» **DATA EXCERPT**
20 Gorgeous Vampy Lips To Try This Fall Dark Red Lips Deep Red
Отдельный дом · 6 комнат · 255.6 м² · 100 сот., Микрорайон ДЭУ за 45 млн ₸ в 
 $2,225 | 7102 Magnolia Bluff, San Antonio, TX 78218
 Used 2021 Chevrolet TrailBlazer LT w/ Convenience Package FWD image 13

» **WHAT THE EXERCISE ASKS**
Every line of the listing is to be returned exactly as written.

» **WRITTEN SOLUTION**
20 Gorgeous Vampy Lips To Try This Fall Dark Red Lips Deep Red
Отдельный дом · 6 комнат · 255.6 м² · 100 сот., Микрорайон ДЭУ за 45 млн ₸ в 
 $2,225 | 7102 Magnolia Bluff, San Antonio, TX 78218
 Used 2021 Chevrolet TrailBlazer LT w/ Convenience Package FWD image 13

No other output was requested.